Rumores sobre Call of Duty no Game Pass indicam crise no Xbox

A recente mudança na liderança da Microsoft Gaming trouxe uma nova direção para a empresa, que agora parece priorizar os lucros imediatos em vez de uma expansão ousada de serviços. Com a saída de Phil Spencer e a chegada de Asha Sharma como CEO, o ecossistema do Xbox enfrenta um momento delicado, talvez o mais crítico desde o lançamento do Game Pass.
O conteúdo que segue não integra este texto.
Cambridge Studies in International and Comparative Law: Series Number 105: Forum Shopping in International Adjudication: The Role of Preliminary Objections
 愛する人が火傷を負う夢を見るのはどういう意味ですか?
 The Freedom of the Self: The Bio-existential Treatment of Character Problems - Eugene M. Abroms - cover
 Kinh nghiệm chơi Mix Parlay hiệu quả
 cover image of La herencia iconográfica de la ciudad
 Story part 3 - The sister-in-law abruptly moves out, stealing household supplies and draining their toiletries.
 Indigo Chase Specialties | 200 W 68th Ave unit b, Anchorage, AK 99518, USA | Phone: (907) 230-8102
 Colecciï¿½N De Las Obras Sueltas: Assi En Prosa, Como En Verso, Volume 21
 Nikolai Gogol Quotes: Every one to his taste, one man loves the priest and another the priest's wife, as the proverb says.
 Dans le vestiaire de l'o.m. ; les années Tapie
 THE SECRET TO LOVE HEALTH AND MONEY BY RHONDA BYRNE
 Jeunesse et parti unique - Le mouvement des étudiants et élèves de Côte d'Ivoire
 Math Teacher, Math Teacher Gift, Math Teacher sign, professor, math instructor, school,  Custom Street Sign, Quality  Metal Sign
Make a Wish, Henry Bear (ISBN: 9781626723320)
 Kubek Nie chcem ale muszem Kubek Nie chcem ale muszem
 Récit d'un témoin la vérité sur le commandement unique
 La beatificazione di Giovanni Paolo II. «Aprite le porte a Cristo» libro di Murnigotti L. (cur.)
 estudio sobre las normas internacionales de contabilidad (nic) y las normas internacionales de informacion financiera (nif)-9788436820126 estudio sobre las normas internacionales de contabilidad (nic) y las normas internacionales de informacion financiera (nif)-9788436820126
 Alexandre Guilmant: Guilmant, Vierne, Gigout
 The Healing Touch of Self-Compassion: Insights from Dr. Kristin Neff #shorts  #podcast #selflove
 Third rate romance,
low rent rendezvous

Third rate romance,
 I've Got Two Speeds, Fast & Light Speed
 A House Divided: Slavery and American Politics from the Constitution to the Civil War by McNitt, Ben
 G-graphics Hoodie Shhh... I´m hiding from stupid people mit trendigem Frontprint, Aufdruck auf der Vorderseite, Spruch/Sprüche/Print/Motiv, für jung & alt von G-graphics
Nos bastidores, rumores têm circulado, especialmente em fóruns como o CODWarfareForum, sobre uma possível mudança na estratégia envolvendo a famosa franquia Call of Duty. A especulação sugere que a Microsoft poderia deixar de oferecer os lançamentos “Dia 1” dessa série no serviço de assinatura, o que, se confirmado, poderia impactar bastante a experiência dos jogadores. A situação econômica atual, que se desenha para março de 2026, torna essa possibilidade ainda mais crível.

Depois de uma reestruturação significativa em fevereiro, que incluiu a saída de Phil Spencer e Sarah Bond, Asha Sharma chegou com a missão de melhorar a “eficiência fiscal” da empresa. As vendas de hardware caíram 32% e a receita de jogos teve uma queda de 9% em 2025. A conta pela aquisição da Activision Blizzard começou a pesar, e manter Call of Duty disponível para assinantes do Game Pass sem custo adicional se tornou um desafio financeiro complicado para a empresa.

Call of Duty é uma das poucas franquias que consegue vender milhões de cópias a preços altos, como os US$ 70 por título. Quando a Microsoft lançou Black Ops 6 no Game Pass em 2024, viu um aumento expressivo nas assinaturas, mas isso teve um preço: a receita com vendas unitárias despencou. Com o desenvolvimento do próximo jogo, que se especula ser Modern Warfare 4, exigindo investimentos enormes, a nova gestão parece menos inclinada a repetir esse modelo.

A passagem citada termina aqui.